What was the process of using papier mache in your collection like? How did you arrive at your final pieces?

It all started when I wanted to convey the sensation of sculpted marble in some of my dresses. I had great results in the past with the use of plastic, but recently I’ve decided to avoid this material. I began then to research other possibilities and techniques and I found the “Vetenian Cartapesta” originally used for baroque carnival masks. After some trials I also decided to take advantage of the unfinished technique in which I could leave the surface rough to look even more like a stone. The result had an amazing effect on the runway, people always try to guess what those pieces would be made of, and usually get shocked when they find out it is actually recycled paper.

Through your own practice and creativity, do you see yourself as a designer or an artist? 

After many years working for other designers and companies I’ve learned to not contaminate my personal creations with market necessities, so I’ve become a designer for others and an artist for myself. When I create my garments, it is all about having a vision and inventing this dream of a world that exists only in a fantasy.

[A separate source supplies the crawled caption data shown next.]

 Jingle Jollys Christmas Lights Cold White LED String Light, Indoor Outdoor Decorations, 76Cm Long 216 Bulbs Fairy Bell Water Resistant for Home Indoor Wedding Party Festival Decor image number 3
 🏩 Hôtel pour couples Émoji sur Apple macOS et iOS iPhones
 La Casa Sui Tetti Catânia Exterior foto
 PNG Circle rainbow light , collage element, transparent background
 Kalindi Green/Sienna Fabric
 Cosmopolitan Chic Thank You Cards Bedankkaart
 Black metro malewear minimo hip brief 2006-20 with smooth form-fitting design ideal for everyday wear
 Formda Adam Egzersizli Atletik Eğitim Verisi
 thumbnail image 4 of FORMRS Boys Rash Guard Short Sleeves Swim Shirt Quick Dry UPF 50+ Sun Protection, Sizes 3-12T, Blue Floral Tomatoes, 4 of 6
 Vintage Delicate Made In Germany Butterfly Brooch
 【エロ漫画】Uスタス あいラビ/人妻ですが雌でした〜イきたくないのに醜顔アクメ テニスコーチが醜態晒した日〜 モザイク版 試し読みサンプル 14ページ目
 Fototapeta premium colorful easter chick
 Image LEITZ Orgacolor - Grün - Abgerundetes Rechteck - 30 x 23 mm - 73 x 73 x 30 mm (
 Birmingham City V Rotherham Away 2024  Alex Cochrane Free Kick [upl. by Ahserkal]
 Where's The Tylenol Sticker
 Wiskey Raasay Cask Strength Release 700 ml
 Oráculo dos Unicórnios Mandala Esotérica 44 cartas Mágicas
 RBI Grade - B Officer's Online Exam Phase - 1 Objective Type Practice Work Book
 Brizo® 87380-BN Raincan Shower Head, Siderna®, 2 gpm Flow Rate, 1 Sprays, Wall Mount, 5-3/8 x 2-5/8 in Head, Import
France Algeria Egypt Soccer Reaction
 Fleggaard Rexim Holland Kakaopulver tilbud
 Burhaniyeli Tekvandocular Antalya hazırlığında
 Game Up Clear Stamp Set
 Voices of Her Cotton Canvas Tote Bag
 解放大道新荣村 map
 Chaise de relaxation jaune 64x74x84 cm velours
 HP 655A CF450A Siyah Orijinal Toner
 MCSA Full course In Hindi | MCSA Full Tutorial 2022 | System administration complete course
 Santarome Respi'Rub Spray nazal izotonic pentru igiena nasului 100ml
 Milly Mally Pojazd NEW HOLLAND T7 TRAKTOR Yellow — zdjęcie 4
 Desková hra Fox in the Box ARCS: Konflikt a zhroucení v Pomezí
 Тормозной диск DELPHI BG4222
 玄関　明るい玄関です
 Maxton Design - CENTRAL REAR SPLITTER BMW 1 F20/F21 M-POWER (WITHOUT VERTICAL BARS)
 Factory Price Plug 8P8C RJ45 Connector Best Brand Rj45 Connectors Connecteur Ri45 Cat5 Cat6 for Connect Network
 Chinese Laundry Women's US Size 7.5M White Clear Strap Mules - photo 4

How does sustainability inform your work and what does the word “sustainability” mean to you?

 For me, thinking, producing, and consuming from a sustainable point of view is the only way to be relevant in the fashion scenario from now on. This is another aspect about my productive process I’ve developed while working for fashion companies, I can’t tolerate the amount of waste involved in the textile industry. According to my experience the key to avoid overproduction is to plan things very well and be realistic about your quality standards expectations. I rarely throw materials away, the leftovers of one project will certainly become the toiles of the next one. Towards that, the material choice is fundamental, for example, we need to reduce our polyester and oil base demand also because of the microplastics spreading in the environment.

You describe your textiles as “vegan”, how do you ensure that your materials are vegan and how does that inform what garments you create?

 The key to ensure that not only my textile, but all the components involved are vegan is the knowledge, studying, updating, and sometimes doubting of your suppliers, they are not worried about this as you are, so if you know what vegan means you know best. There’s no such a thing as 99% vegan, it is something that you are, or you are not. It means fibres, trimmings, threads and finishings must not use any kind of animal base component. It is more than just not eating meat, or consuming leather, it is a mentality that refuses any kind of slavery, speciesism, and cruelty.

Where do you see your work in the global fashion space? 

Whenever I reflect about this kind of questions, I am happy to perceive that fashion is becoming more plural each day, I know I want to do less as quantity and more as quality, so in this context I see my work relevant for special occasions, collaborations with other artists of audio-visual arts, music, and couture collectors.

Where would you like to take your work next?  I would like to have my own first solo exhibition, I think it is necessary because of my field of research being classical art, sometimes my pieces can be too easy to like and look superficial to those who can’t understand them. I want to showcase my creations in an artistic environment where I can explain the complexity of them, the story behind and the political messages I would like to transmit. I want people to know that if I propose an Egyptian style top, I’m talking about women in ancient Egypt having the same civil rights as men and the Egyptian revival style emerging every time women were fighting for their rights in the 20th century, or even now, with my renaissance collection I want to trace a parallel between past and future to talk about the necessity for us humans to dedicate us to science and arts after a pandemic crisis to create a more evolved society.